That status might not prevail for long. An assessment of the voting pattern reveals that the RJD-led grand alliance has fallen behind the NDA in 73 of the 81 assembly segments. It includes Mahua, Lalu’s elder son Tej Pratap’s constituency. The RJD’s lead over the NDA in younger son Tejashwi’s assembly seat of Raghopur is a slender one.

In 2014, the RJD polled 7,224,893, or 20.46 per cent, of the votes in Bihar. This time, they have 6,270,107, or 15.04 per cent, of the vote share. The results are demoralising. We knew of the NDA’s social consolidation the moment Nitish Kumar left the grand alliance.

This is going by the 2014 numbers, in which the BJP had 29.9 per cent of the vote, the JD(U) 16.04 per cent and the LJP 6.5 per cent, says a senior RJD leader on condition of anonymity. The NDA had a formidable vote share of 52.4 per cent. In 2019, the NDA has won 53.3 per cent of the votes.

He adds, The RJD knew that with its 2014 vote share, largely from Muslims and Yadavs, it was no match for the NDA. The way out was to empower leaders from other social groups, specially from the Economically Backward Classes (EBCs). Instead, the party outsourced the responsibility to untested leaders like Mukesh Sahni, Jiten Manjhi and Upendra Kushwaha. When they failed, we failed too.

That the RJD depended entirely on others for the nearly 30 per cent EBC vote is evident from the fact that it gave just one ticket to an EBC candidate, despite contesting from 19 seats.
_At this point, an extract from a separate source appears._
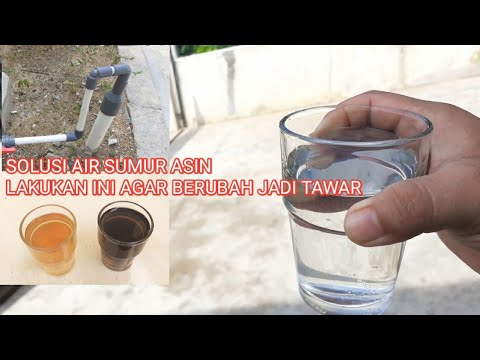 Video: Apakah ikan air tawar atau air asin berbau?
The JD(U) fielded five EBC candidates, all of whom won. The BJP’s two EBC candidates also won.

Earlier, when the RJD had the opportunity to have other groups represented in the Rajya Sabha, it instead picked Misa Bharti and Ram Jethmalani in 2016 and Manoj Kumar Jha and Ashfaque in 2018. The JD(U), by contrast, still has two EBC leaders (Ram Nath Thakur and R.C.P. Singh) in the Upper House.

The RJD’s Yadav-Muslim base (30 per cent of the electorate) has failed to stop Nitish in successive state polls because he has forged a similar consolidation of EBCs and Mahadalits.

With Lalu in jail and given the party’s performance, Tejashwi and the RJD have a formidable task at hand for the assembly election next year.